Input data:

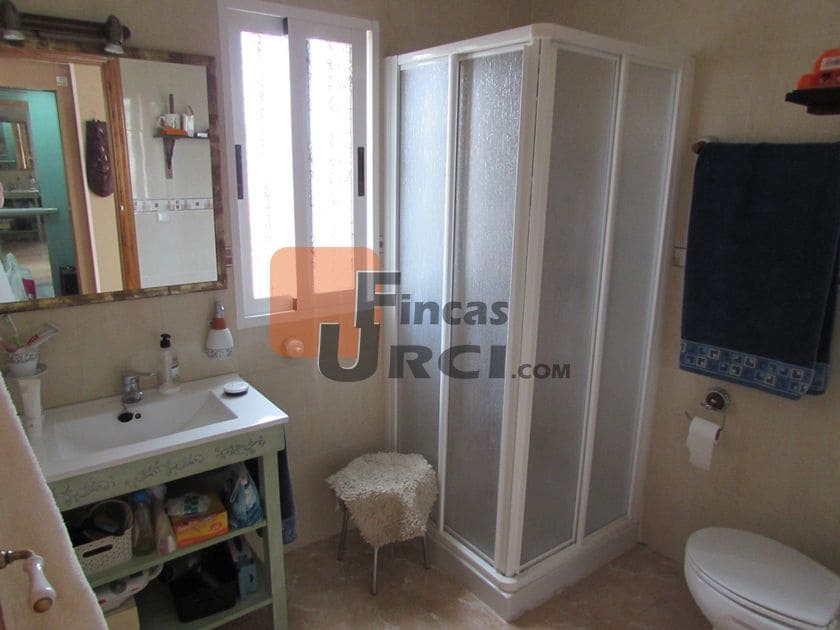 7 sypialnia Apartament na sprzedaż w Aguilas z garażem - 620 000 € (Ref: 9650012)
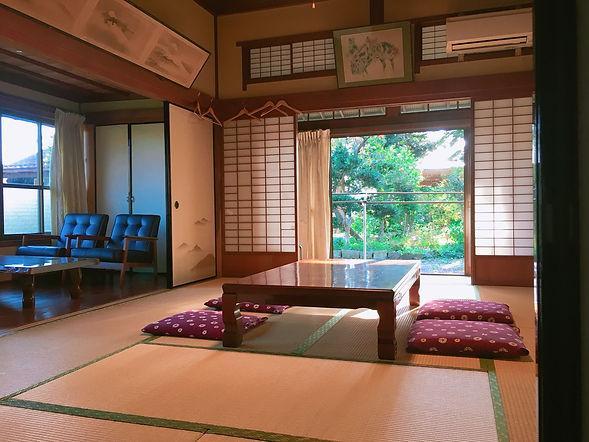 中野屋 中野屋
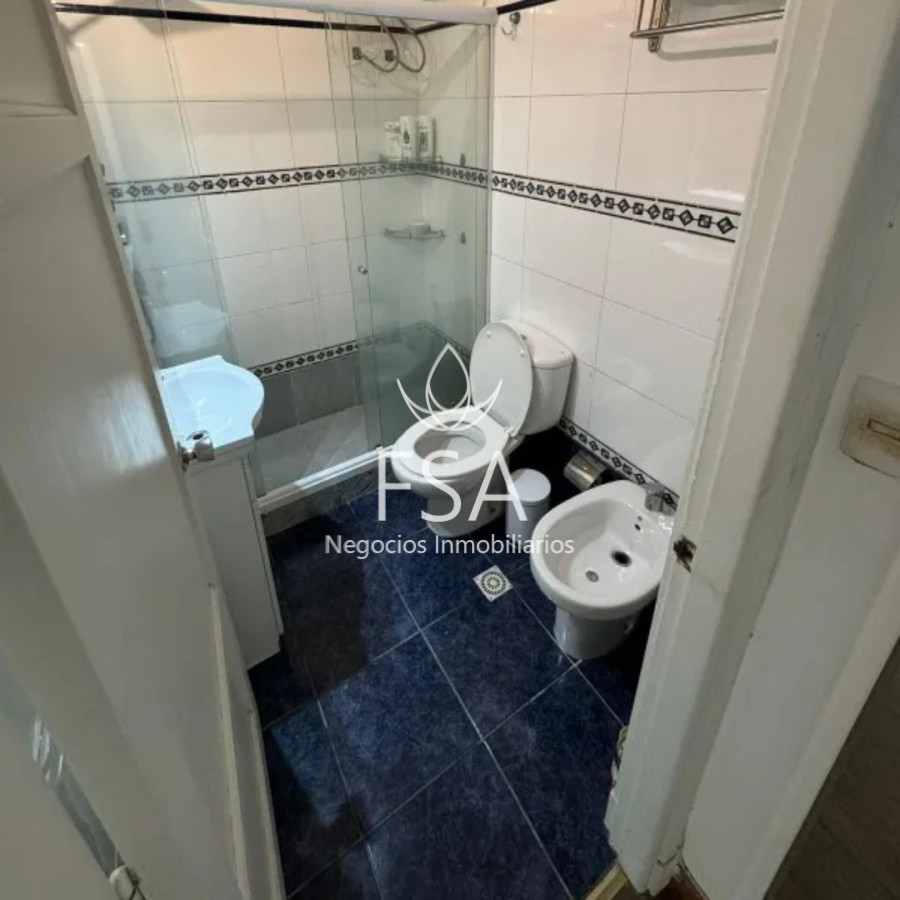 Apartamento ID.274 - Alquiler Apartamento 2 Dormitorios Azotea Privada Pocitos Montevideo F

---

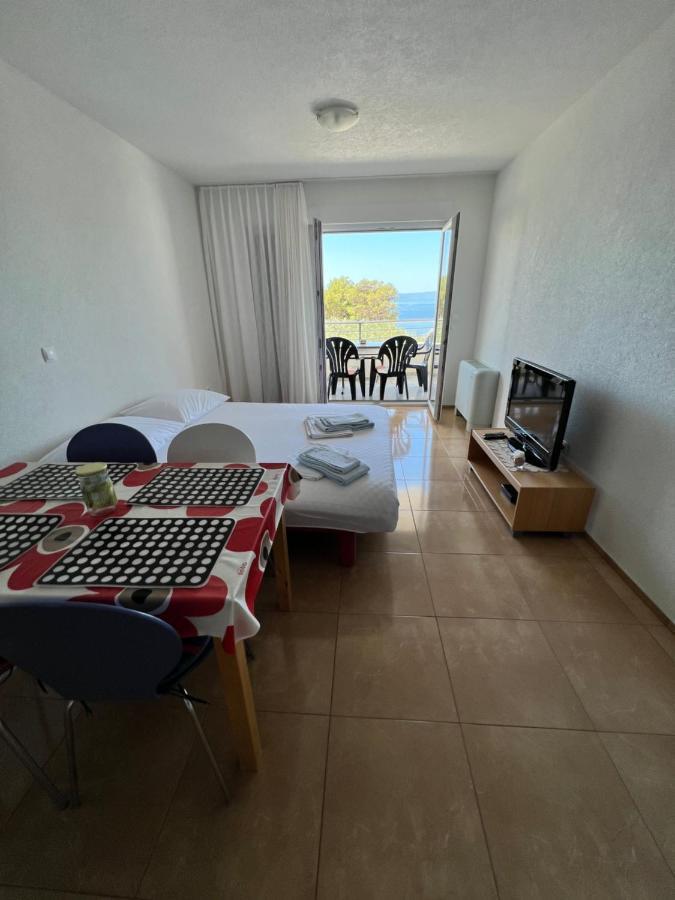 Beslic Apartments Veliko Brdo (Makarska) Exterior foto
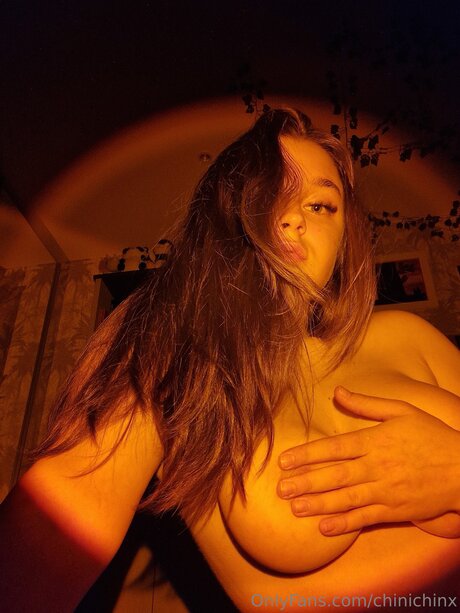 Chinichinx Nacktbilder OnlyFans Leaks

Problem details: Beginning with the line that contains "7 sypialnia Apartament" and ending with the line that contains "Apartamento ID.274 - Alquiler", reproduce the listing exactly, pictures excluded.

Solution:
 7 sypialnia Apartament na sprzedaż w Aguilas z garażem - 620 000 € (Ref: 9650012)
 中野屋 中野屋
 Apartamento ID.274 - Alquiler Apartamento 2 Dormitorios Azotea Privada Pocitos Montevideo F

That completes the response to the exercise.